As a review this probably won’t work, but that said: what if I finally accept that it’s not me writing a review here, but taking the opportunity to process, share and, in typical Hallographic style, lovingly re-transmit  the fascinating information, empathy and communication skills this book filled my mind and attention with, at least for a time?

Some books might not be for everyone or even five-star worthy as far as reading pleasure is concerned, but they do contain valuable ideas absolutely worth spreading, writing and talking about.

Watch me embracing  the fact that this is not going to be a review.

I read Please Understand Me II on my Android on .pdf.

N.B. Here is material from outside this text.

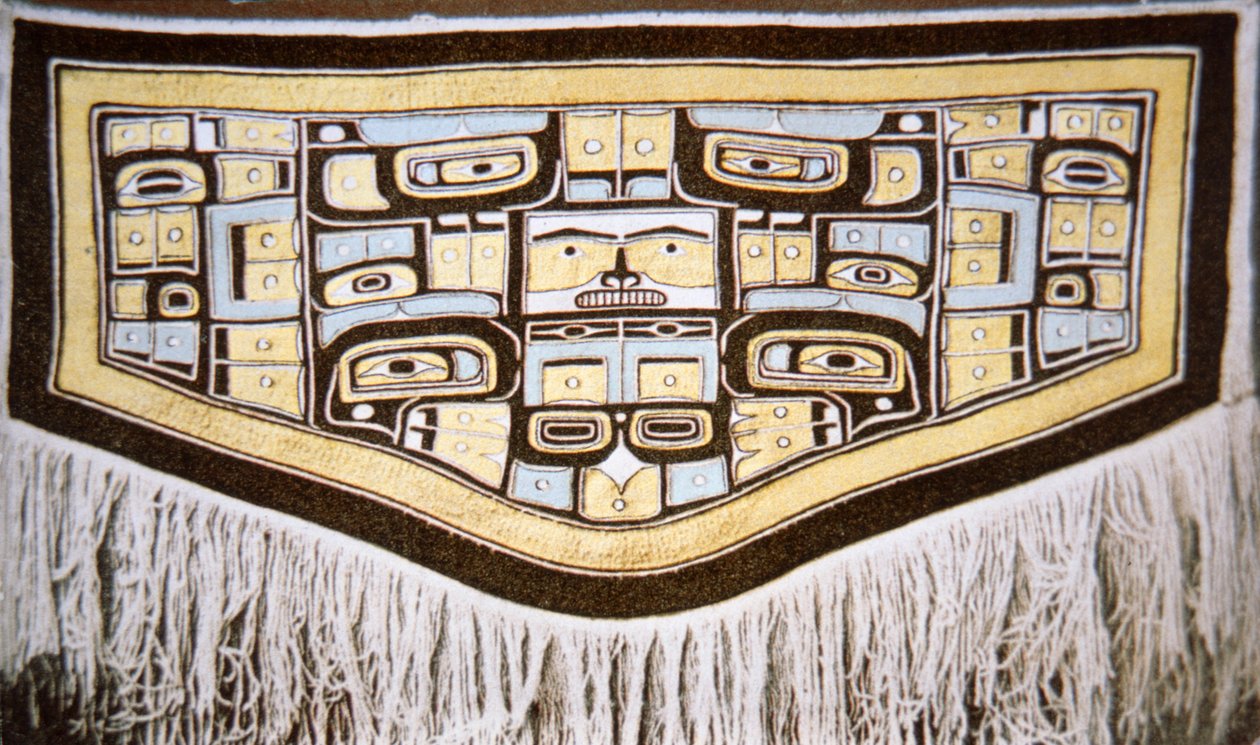 Chilkat-Decke, Tlingit-Stamm von School American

It is David Keirsey’s definitive 1998 update to his original 1984 Please Understand Me. He himself was (he died in 2013) the personality psychologist who created the Keirsey Temperament Sorter (link to the test as it appears in the book, it’s worth the manual effort to complete) and the Four Temperaments typing system. It shares its name with Hippocrates’ and Galen’s original four temperaments theory, which has for millennia sorted people’s personalities into choleric, phlegmatic, melancholic and sanguine.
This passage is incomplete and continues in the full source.